From the software point of view, the computing or simulation environments can comprise a large scale of processing algorithms from many researchers’ domains. Despite the fact that processor manufactures can still preserve the Moore’s law [1], and the computing performance is steadily increasing, the way of effective programming persistently has an irreplaceable position in many research areas.

There are several approaches for effective parallel programming. The most used approach for distributed parallel computing for multicore CPUs is message passing interface (MPI). MPI specifies the communication between separate processes, and it was designed for high performance on both massively parallel machines and on workstation clusters. The present-day version of the standard is MPI-2.2 approved by the MPI Forum in September, 2009. The MPI-3.0 version is available in a draft version. The MPI library contains functions written in C and Fortran languages and it is described in detail in literature, such as [2], [3], or [4].

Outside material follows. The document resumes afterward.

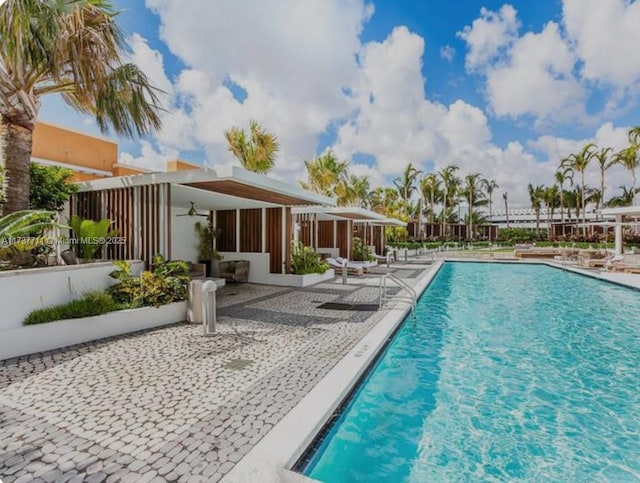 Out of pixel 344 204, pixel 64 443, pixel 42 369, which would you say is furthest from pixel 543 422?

A different approach represents OpenMP with shared memory space, where all the cores can access the whole memory space. OpenMP is an application programming interface for multi-platform parallel programming in C/C++ and Fortran. The actual version of the standard is OpenMP 3.1 from July 2011. The specification and detailed tutorials could be found in [5], [6], or [7].

A different approach represents OpenMP with shared memory space, where all the cores can access the whole memory space. OpenMP is an application programming interface for multi-platform parallel programming in C/C++ and Fortran. The actual version of the standard is OpenMP 3.1 from July 2011. The specification and detailed tutorials could be found in [5], [6], or [7].

There are several projects implementing main algorithms for digital signal processing. This paper deals with the possibility of effectively implementing of fast Fourier transform and discrete cosine transform. Libraries for fast computing the discrete Fourier transform, which commonly includes real and/or complex, multidimensional, and parallel transforms can be found in [8], [9], etc.

The paper presents the multiplatform approaches for optimal parallel computing in signal processing domain and it is divided into four main parts. In Section 2, a brief introduction to parallel and distributed computing in MATLAB is outlined. Section 3 outlines the basic structure and application of MPI inter-core communication. Section 4 presents
the chosen algorithms for parallel implementation in both CPU and DSP processors. The considered experiments with implementation of digital signal processing algorithms and achieved results are described in Section 5 and Section 6, followed by short a conclusion.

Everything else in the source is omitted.